▶ **To do**
Both the line with "Female Toy Poodle" and the line with "Grisa - eine ganz besondere Hundedame" in the records below must appear in the output, along with every line between them, exactly and with nothing added.

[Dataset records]
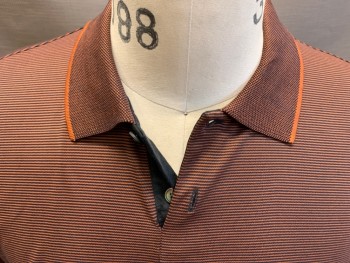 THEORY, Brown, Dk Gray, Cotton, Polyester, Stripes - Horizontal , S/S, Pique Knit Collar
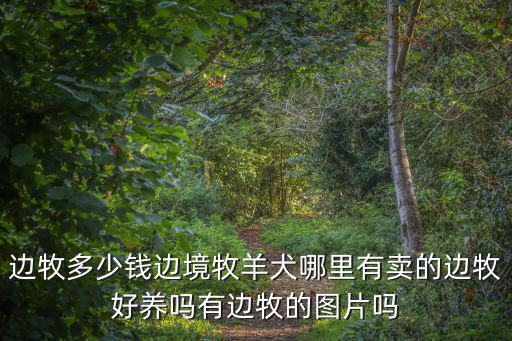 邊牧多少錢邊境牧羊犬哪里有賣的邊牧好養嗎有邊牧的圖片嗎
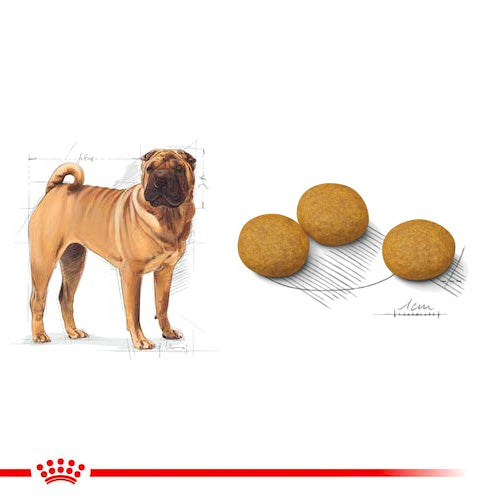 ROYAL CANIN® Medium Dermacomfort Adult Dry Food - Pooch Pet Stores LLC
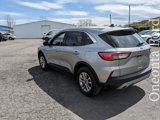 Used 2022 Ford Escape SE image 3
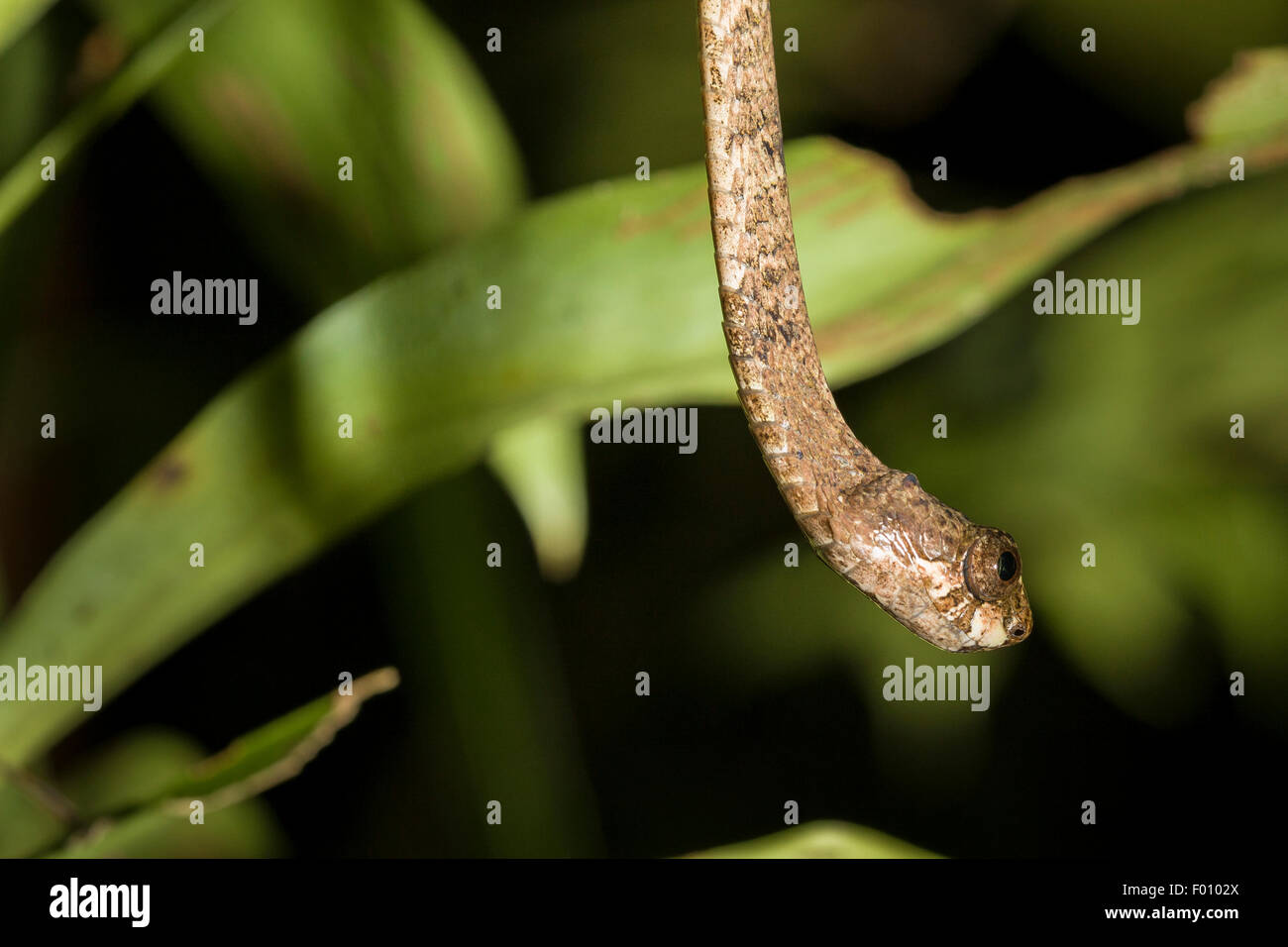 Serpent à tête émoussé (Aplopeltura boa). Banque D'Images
* * *
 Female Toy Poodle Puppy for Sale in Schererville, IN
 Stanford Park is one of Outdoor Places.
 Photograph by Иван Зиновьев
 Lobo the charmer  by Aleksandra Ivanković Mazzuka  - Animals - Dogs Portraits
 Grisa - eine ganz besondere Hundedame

▶ **Answer box**
 Female Toy Poodle Puppy for Sale in Schererville, IN
 Stanford Park is one of Outdoor Places.
 Photograph by Иван Зиновьев
 Lobo the charmer  by Aleksandra Ivanković Mazzuka  - Animals - Dogs Portraits
 Grisa - eine ganz besondere Hundedame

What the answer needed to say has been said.